Something has been bugging me for awhile, and I can no longer contain myself.
Recently I received an award -- SUPERIOR SCRIBBLER -- that sounded like faint praise to me. In fact it seemed more like an oxymoron [i.e., oxy-MORON] than anything else. Like giant shrimp.
I accepted the award in the spirit it was given -- acknowledgment of my writing as not bad for a white woman older than dirt. I have since profiled two of the four [now five!] bloggers who nominated me because I consider them among the best of the writers I read on the web. [The other two are just as good, but you'll have to wait for their profiles another time.] I haven't posted my own five nominations yet, because the name of the award is such that I don't want anyone to think I'm insulting them -- a real possibility, since that often seems to be Mrs. Linklater's mission in life.
But back to my conundrum about the award. A scribbler has never been someone to admire in my book. Often the word scribbling is used in reference to the efforts of small children to copy an adult's handwriting. They aren't actually writing anything, only pretending. Fortunately no words are harmed in the act of scribbling.
Scribbling has always been comparable, figuratively, to the sound and fury of an idiot -- a lot of random marks on the page -- signifying nothing. To call someone a superior scribbler simply takes scribbling, or meaninglessness, to new heights, or should I say, depths.
But maybe there was something I had missed along the way. Some new definition or colloquial use of scribbling that had escaped me.
Apparently not. To confirm my suspicions, I went to dictionary.com. And what was the very first definition I found for scribbler?
A writer whose work has little or no value or importance.
The second definition wasn't any better:
A person who scribbles.
So as a writing award, Superior Scribbler is not what it's cracked up to be. Superior Scribe or Scrivener would be more accurate, since the former refers to a writer as a journalist, and the latter can refer to a writing master.
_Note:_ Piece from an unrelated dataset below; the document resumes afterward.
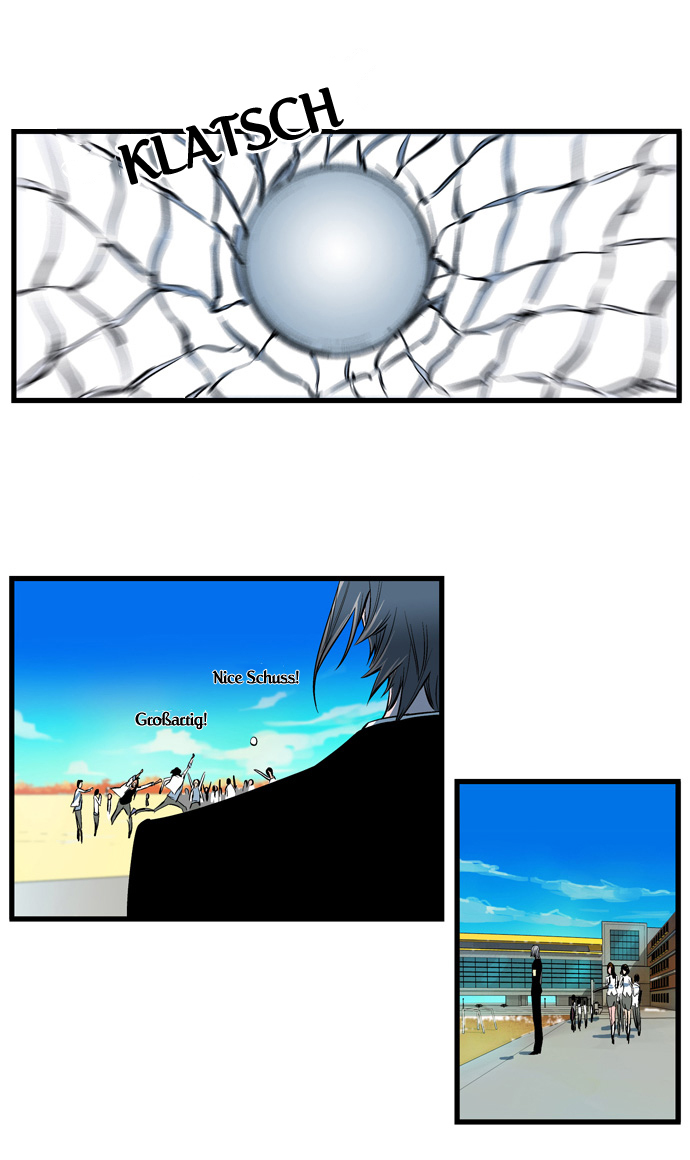Read Noblesse DE Manga Online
But scribe sounds like a character from the movie, Front Page. And scrivener sounds like something out of Dickens.
I'm quite sure that using the word scribbler was unintentional, but it's still incorrect. Unfortunately when you track down the origins of the award on the web, it seems to be the invention of a teacher who didn't bother to check out its meaning. Surely she meant well. But the cynic in me wonders if this mistake is yet another testament to our inadequate school system.
So, while I was honored to be nominated as a writer who uses words in a manner that others may admire, I am somewhat disconcerted by the inappropriate name of the award. Not that life should be judged by your SATs, but if you're going to give a prize for writing, don't cock up the name for it.
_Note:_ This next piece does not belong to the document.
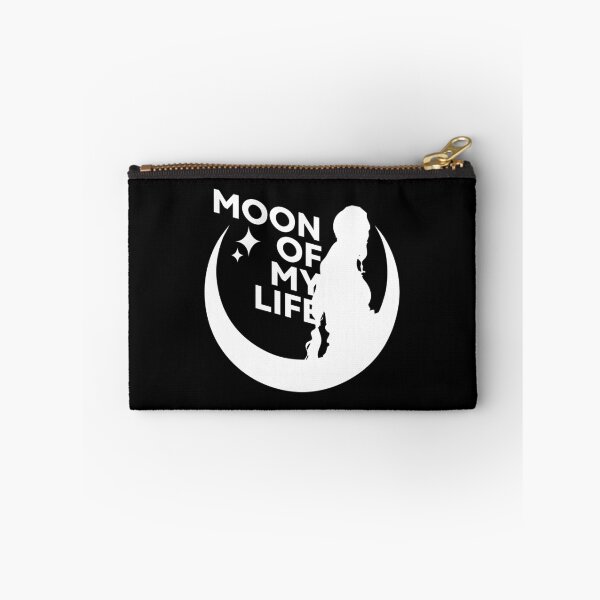 Item preview, Moon Of My Life WHITE VER.  designed and sold by frozenanomaly.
And don't get me started on the kindergarten graphic used for the award. It's just way too precious for me. So you won't see it posted here.
P.S. That goes double for the Marie Antoinette Award -- a real person; a real award. I can find no reason on earth for such a bizarre writing award, since Marie Antoinette wasn't a writer. She certainly wasn't a blogger. Plus, her life was a study in excess and her death was really unpleasant. So WTF?